Nervousness is followed usually by increased hypersensitivity, flapping of ears, grinding of teeth, salivation, kicking of abdomen, loss of balance, apparent blindness, with blundering into objects. Convulsions usually do not appear for a few days after the onset of symptoms.
Less than 33% of dietary magnesium is available to meet body requirements. The low availability arises from a large faecal loss of Mg. in unabsorbed digestive juices and this occurs even when there is no Mg. in diet.
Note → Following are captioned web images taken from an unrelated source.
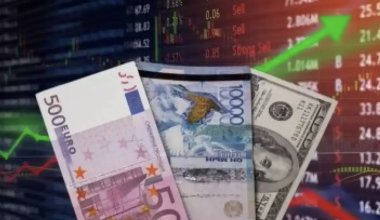 Что происходит с долларом в Казахстане: свежие курсы обменников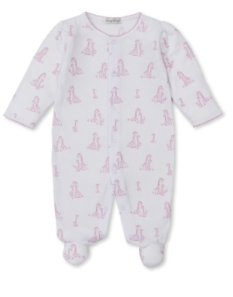Giraffe Grace Footie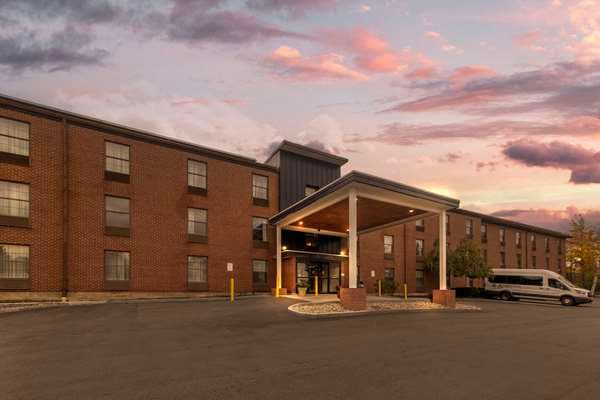 Comfort Inn South Portland Airport, Hotel in South Portland Gardens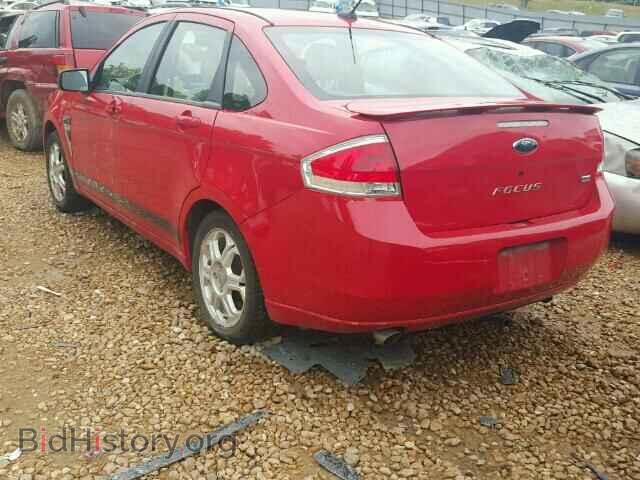 2008 FORD FOCUS - VIN: 1FAHP35N58W148261 - Photo 3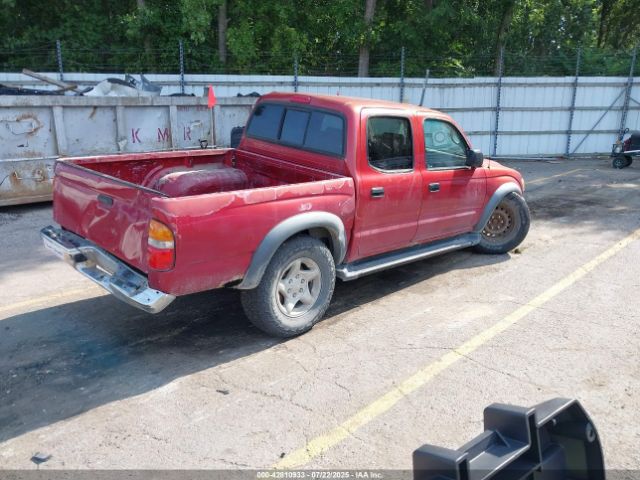 2001 TOYOTA TACOMA 5TEHN72N01Z772361 Photo 3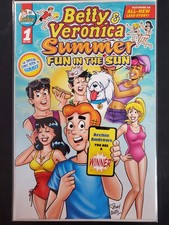 Betty veronica summer for sale  Wichita Falls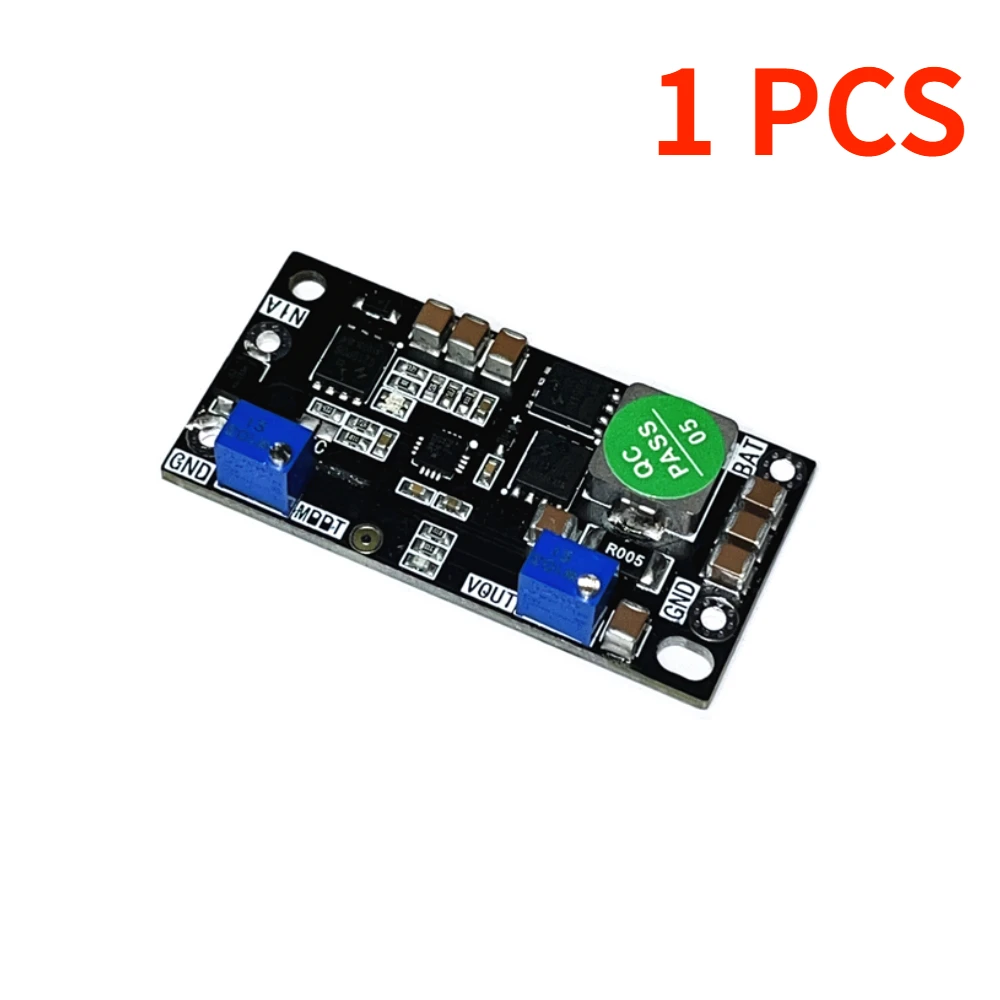 MPPT 8A Солнечная литиевая свинцово-кислотная батарея 18 в перезаряжаемый модуль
Lactation greatly increases Mg. requirements. The Mg. content of food is no criterion of its ability to maintain the serum Mg. as in different foods the availability of the Mg. varies. Whenever the Mg. ion is lost from bone, it is replaced by a Ca. ion, but the magnesium can be lost from bone without any loss of calcium.
The uptake of Mg. depends on the maintenance of a high concentration of Mg. ions relative to Ca. and sodium ions in the extra-cellular fluid bathing the bone crystal surface; which is the true reservoir for Mg. If the serum Ca. is maintained at high levels for long periods, then the serum Mg. falls, despite adequate Mg. in the diet.
During lactation, complete breakdown of the bone, to provide Ca. and phosphorus necessary for milk production evidently at the same time releases Mg. and the latter is excreted. Mg. can be lost from the bones without concomitant loss of Ca. or P. even though there are large losses of Mg. There is no evidence that the endocrine glands have any specific effect on Magnesium metabolism.